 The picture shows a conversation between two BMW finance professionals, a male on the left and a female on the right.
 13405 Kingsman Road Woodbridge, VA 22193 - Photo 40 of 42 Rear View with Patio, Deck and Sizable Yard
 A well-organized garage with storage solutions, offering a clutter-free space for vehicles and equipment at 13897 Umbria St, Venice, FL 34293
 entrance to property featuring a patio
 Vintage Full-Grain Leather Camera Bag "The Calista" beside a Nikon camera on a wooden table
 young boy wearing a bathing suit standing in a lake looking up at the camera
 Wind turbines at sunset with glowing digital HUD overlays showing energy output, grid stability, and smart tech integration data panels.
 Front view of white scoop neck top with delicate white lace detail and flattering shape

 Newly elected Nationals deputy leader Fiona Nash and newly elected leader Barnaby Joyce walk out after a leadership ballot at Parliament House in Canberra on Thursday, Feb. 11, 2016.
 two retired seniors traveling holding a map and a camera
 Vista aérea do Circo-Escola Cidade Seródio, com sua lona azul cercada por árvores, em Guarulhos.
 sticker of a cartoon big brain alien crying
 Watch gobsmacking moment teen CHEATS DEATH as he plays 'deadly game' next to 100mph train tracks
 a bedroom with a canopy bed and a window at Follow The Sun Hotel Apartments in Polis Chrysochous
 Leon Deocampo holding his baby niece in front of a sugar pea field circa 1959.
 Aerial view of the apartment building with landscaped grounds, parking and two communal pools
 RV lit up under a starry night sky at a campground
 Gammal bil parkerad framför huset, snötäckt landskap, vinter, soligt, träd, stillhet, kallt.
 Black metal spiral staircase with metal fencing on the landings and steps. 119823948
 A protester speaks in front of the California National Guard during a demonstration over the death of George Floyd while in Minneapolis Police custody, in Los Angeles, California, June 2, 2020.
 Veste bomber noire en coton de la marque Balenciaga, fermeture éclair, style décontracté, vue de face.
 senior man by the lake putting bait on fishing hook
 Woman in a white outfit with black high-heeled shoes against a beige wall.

__________

→ **The task**: Filter the records above for lines containing the word "camera", and copy those lines.

→ **Answer to this task**:
 Vintage Full-Grain Leather Camera Bag "The Calista" beside a Nikon camera on a wooden table
 young boy wearing a bathing suit standing in a lake looking up at the camera
 two retired seniors traveling holding a map and a camera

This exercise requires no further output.